__RECORD EXCERPTS__:
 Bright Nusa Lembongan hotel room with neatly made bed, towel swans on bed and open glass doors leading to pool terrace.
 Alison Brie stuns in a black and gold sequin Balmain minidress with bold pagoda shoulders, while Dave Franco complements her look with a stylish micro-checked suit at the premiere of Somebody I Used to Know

...

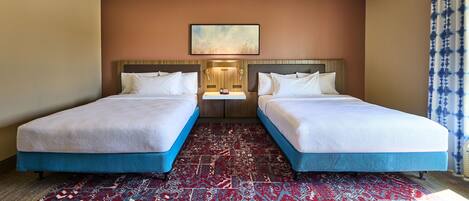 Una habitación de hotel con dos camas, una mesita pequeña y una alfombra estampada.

__TASK__:
From the entries above, write out only the lines starting at the line that holds "Bright Nusa Lembongan" and ending at the line that holds "Alison Brie stuns", keeping both and matching them exactly.

__RESPONSE__:
 Bright Nusa Lembongan hotel room with neatly made bed, towel swans on bed and open glass doors leading to pool terrace.
 Alison Brie stuns in a black and gold sequin Balmain minidress with bold pagoda shoulders, while Dave Franco complements her look with a stylish micro-checked suit at the premiere of Somebody I Used to Know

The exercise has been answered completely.